I was so desperate to feel better, to be better, to feel different. At this point I was practically begging for the medication. However, I was begging for the medication with Therapy. All the therapy I could get. To date, I’ve had 6 therapists in 1 year. Work stress group, anxiety group, and 3 individual therapists. 2 acquired because they were the soonest to get into. 1, I did research on and requested one specifically for childhood trauma.

When it came to medications, 5 different ones in 1 year with about 10 dosage changes. Currently almost at a stable point of “who I want to be off of the meds”.

I still have my highs and lows. I feel like I am better off with the medication right now despite the lows. Because even on my low days, I’m not nearly as low as I was for the majority of my life.

I do have a couple questions. How does one already at the end of their wit, stick with it AND go to work still? You’re essentially working with medication that numbs your emotions and reactions to varying degrees. How do you still manage to be effective at work and not get let go? FMLA? But even then, there’s a stigma and resentment towards it. And it’s not only allowed, it’s encouraged.

Also, how is it different from marijuana? At high dosages of medication, there’s no warning to handle vehicles, large machinery, caring for kids and patients. Yet people take these medications every single day. And this is okay? This is supposed to be normal?

A Few Final Notes in this Love Letter

So, I guess I had to hit rock bottom for me to even consider psych meds. Honestly, I was ready to try it, stick with it, and hopefully benefit from it.

In the end, I do credit my overall improvement to the medication BUT, I can’t credit it alone to medication. Therapy has continued to help me with my perspective in life. Helped me to unlearn, learned coping habits. I feel myself getting emotionally better and stronger and once again, I do believe the medication did help.
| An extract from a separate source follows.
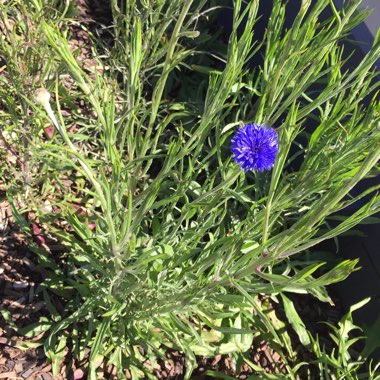 Centaurea cyanus 'Blue Ball'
I still feel like the healthcare system could improve leaps and bounds. To establish protocol for psychiatric medication with any form of therapy. I understand there’s challenges. Like people who are not fully accepting of the help. That caveat is huge. You can’t help someone who doesn’t know how to be helped. But how about make therapy more accessible? It took COVID to initiate phone and video therapy.

It also took COVID to burnout several psychiatrists and therapists, leaving a huge overall shortage of professionals to those who need the help.

Bottom line, do better, bro. We live in a society where we glorify “band-aid” companies in exchange for money. And a society can’t be healed with band-aids. Until then, here’s a pack of band-aids for you.

This, Doñas, is my love letter. So, “band-aids”, therapy, or both? How do you feel about our society’s health care system when it comes to psychiatric medication? Sound off in the comments below.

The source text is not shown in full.